━━━━━ The data

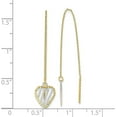 thumbnail image 4 of Solid 14k Yellow Gold & Rhodium Polished Satin and Diamond Cut Heart Threader Earrings - 45mm, 4 of 6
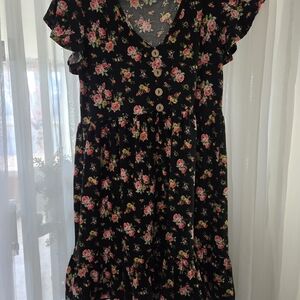 Vibe Black Floral Button-Front Girls Dress with Pink Roses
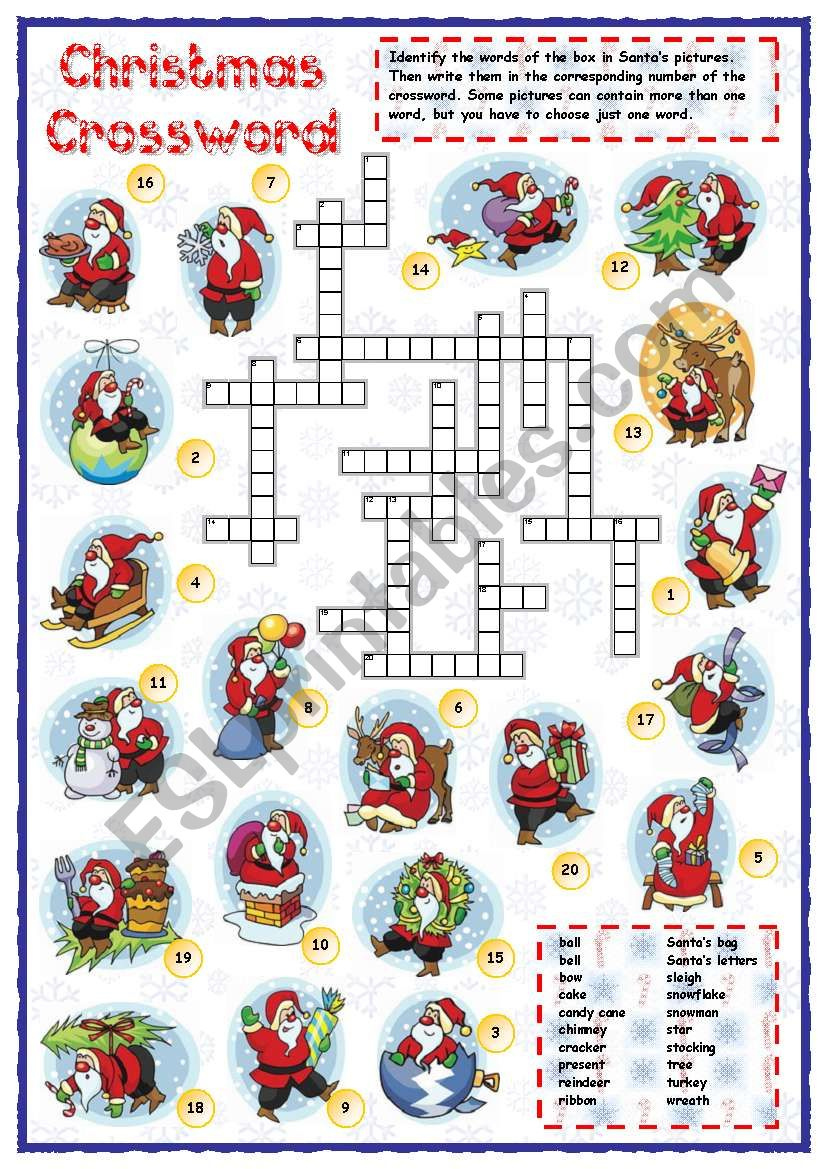 Christmas Worksheets Crossword Puzzles AlphabetWorksheetsFree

━━━━━━━━━━

Line by line, return the listing above exactly, dropping every picture.

● Finished task:
 thumbnail image 4 of Solid 14k Yellow Gold & Rhodium Polished Satin and Diamond Cut Heart Threader Earrings - 45mm, 4 of 6
 Vibe Black Floral Button-Front Girls Dress with Pink Roses
 Christmas Worksheets Crossword Puzzles AlphabetWorksheetsFree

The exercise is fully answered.